• [Assignment] Copy the lines running from the one that contains "S-Line 5d #15" to the end of the entries below, exactly and with no pictures.

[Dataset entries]

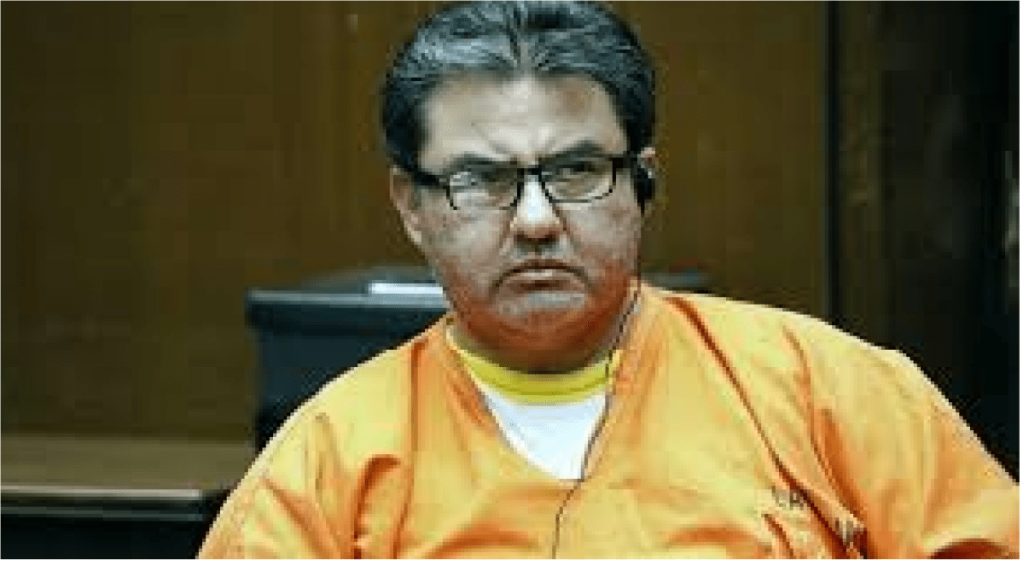 Seguidores de La Luz del Mundo crean el Hashtag #Poderoso es mi Pastor, miles se mofan en twitter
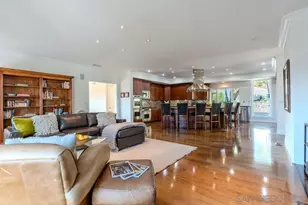 4505 Palo Verde Terrace, San Diego, CA 92115 - Photo 12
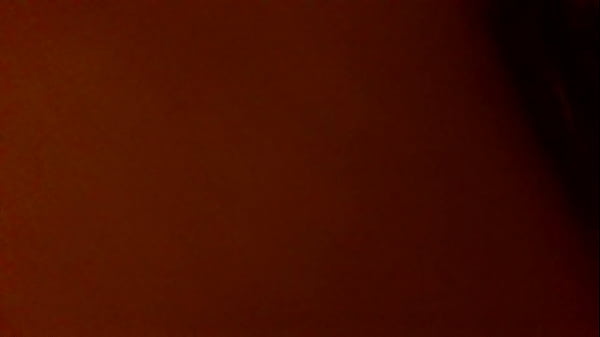 Nonton Mi Vecina Me Dijo Que Cojamos thumbnail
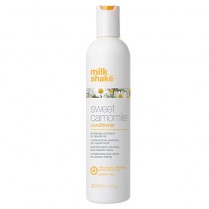 ***Milk Shake Sweet Camomile Conditioner 300ml
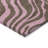 Chayden Area Rug-109488452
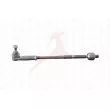 MEHA AUTOMOTIVE MH20509 - Barre de connexion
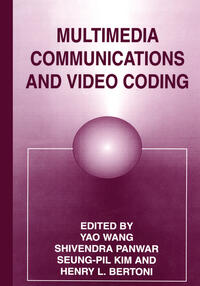 Vorderes Coverbild Modelling and Prediction Honoring Seymour Geisser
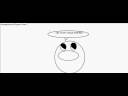 Random Stick Video part 2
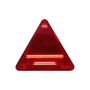 TrailerTek 5-Function LED Triangle Rear Lamp Left Hand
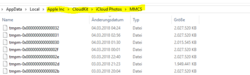 upload_2018-3-7_19-2-9.png upload_2018-3-7_19-2-9.png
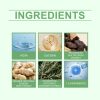 Hoegoa Professional Hair Care Product #64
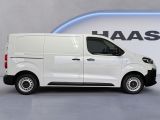 Fiat Scudo bei Gebrauchtwagen.expert - Abbildung (7 / 15)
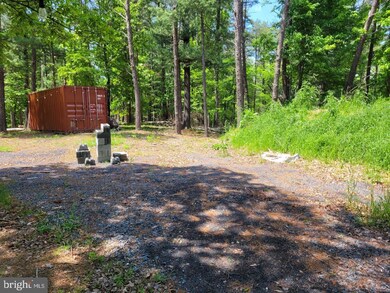 0 Roy Guinn Rd unit WVHS2001870, Points, WV 25437 - photo 7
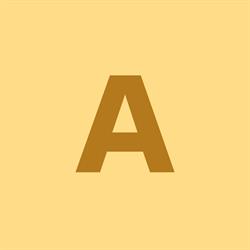 Escritório AMF Empreendimentos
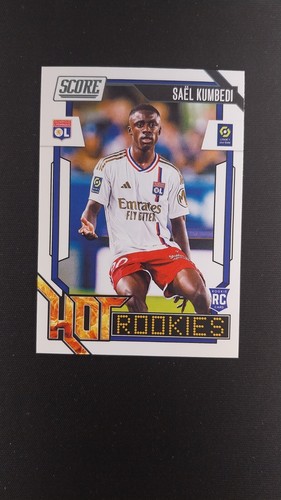 Sael kumbedi hot rookies - sael,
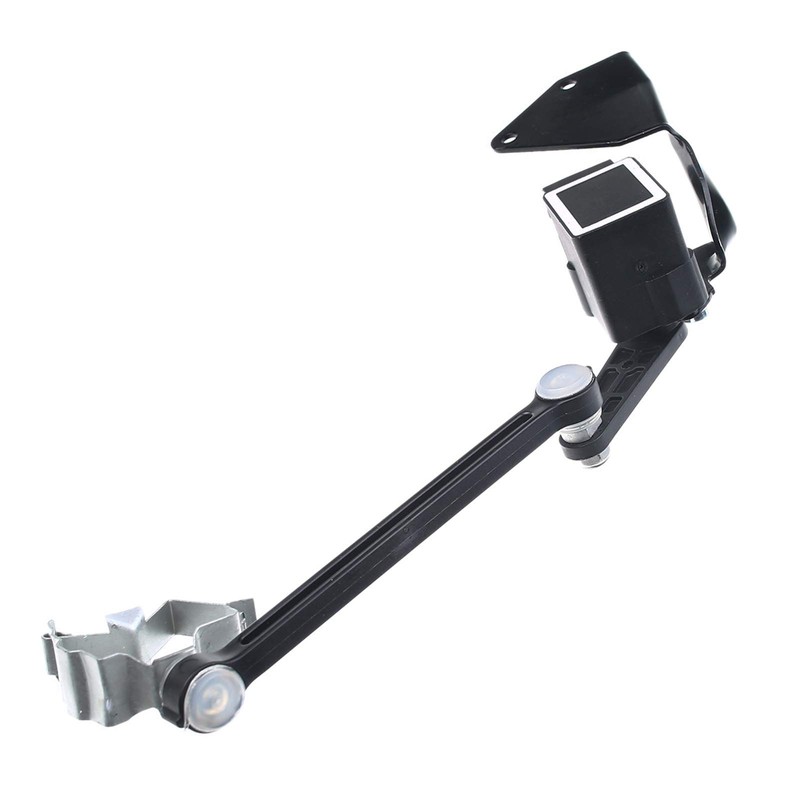 Frankberg Level Sensor Headlamp Range Sensor with Holder for A3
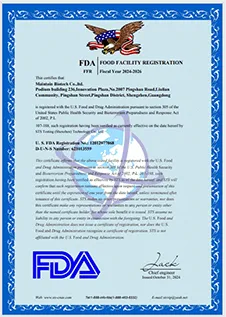 brand-img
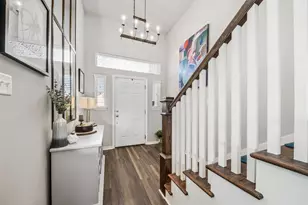 2506 Lightfoot Ln, Bryan, TX 77803 - Photo 6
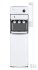 Кулер Ecotronic K30-LXE white-grey — фото 2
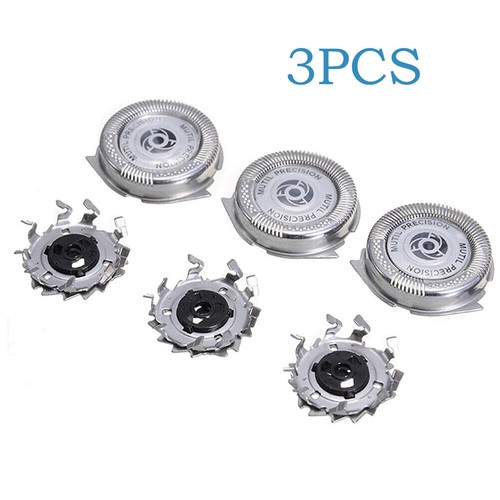 For philips series - 3x, sh50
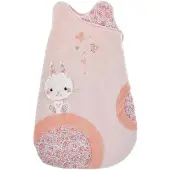 DOMIVA Lapinou 70 cm Unipussi Vauvoille 0-6 KK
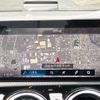 mercedes-benz a-class 2019 CFJ1628360 image 2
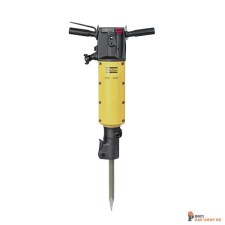 atlascopco/Atlas_Copco_8461022701_8461022700_1_TEX33PE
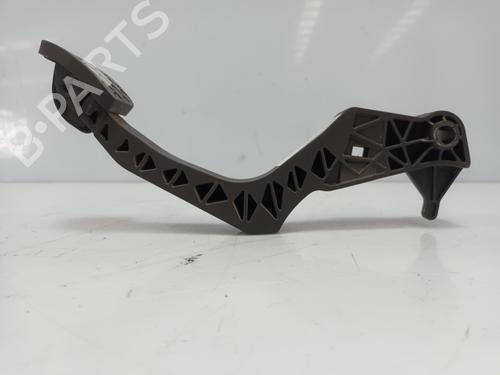 Clutch pedal VW GOLF V (1K1)  | BP19665212I13 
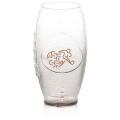 23 oz. Libbey® Football Shaped Beer Glasses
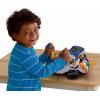 imageVTech 3in1 Race and Learn BlueRace and Learn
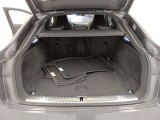  Audi  Q8 Audi E-Tron Sportback 55 Quattro S-Line 5d #15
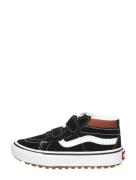 Vans - Mte Sk8-mid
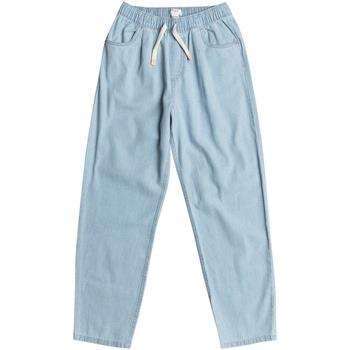 Jeans enfant Roxy Bottom Of The Ocean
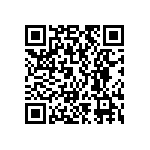 BCS-146-L-D-TE-070 QRCode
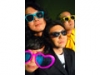 ZAZEN BOYS 「TOUR MATSURI SESSION」(3/29)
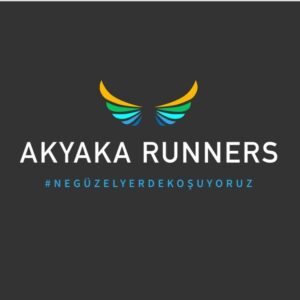 Akyaka Runners
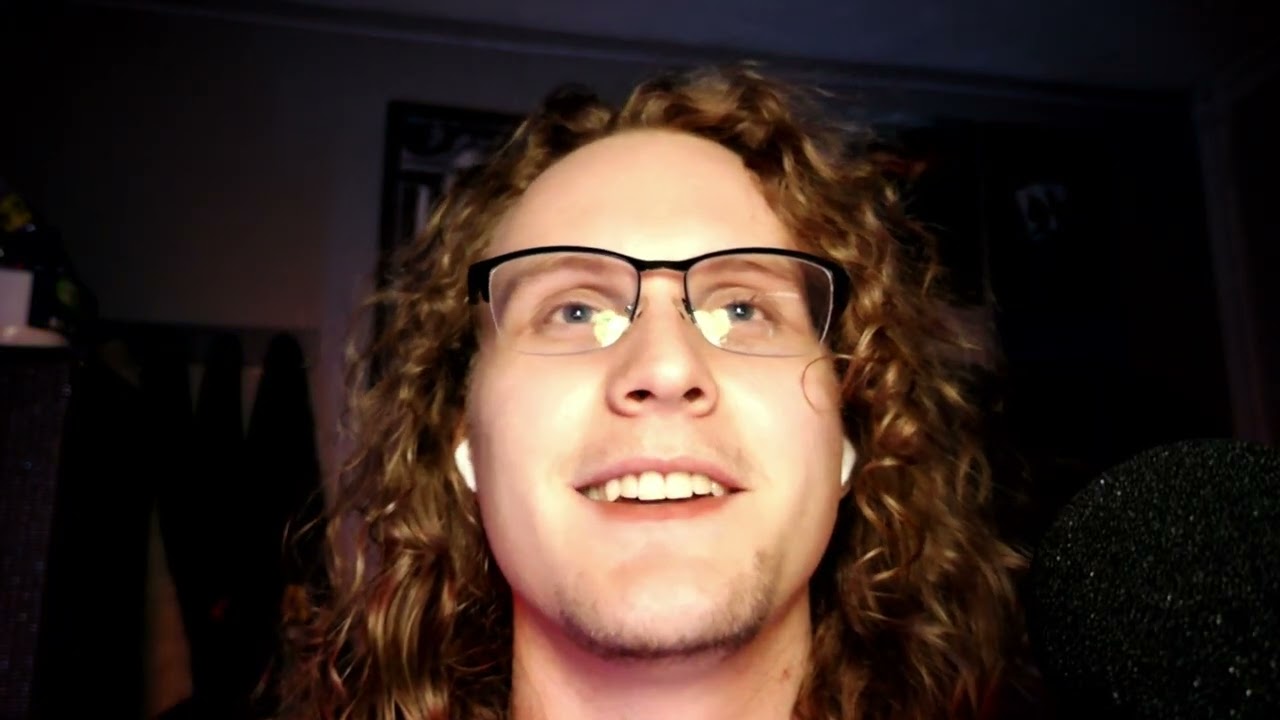 Quick Update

• [Written response]
  Audi  Q8 Audi E-Tron Sportback 55 Quattro S-Line 5d #15
 Vans - Mte Sk8-mid
 Jeans enfant Roxy Bottom Of The Ocean
 BCS-146-L-D-TE-070 QRCode
 ZAZEN BOYS 「TOUR MATSURI SESSION」(3/29)
 Akyaka Runners
 Quick Update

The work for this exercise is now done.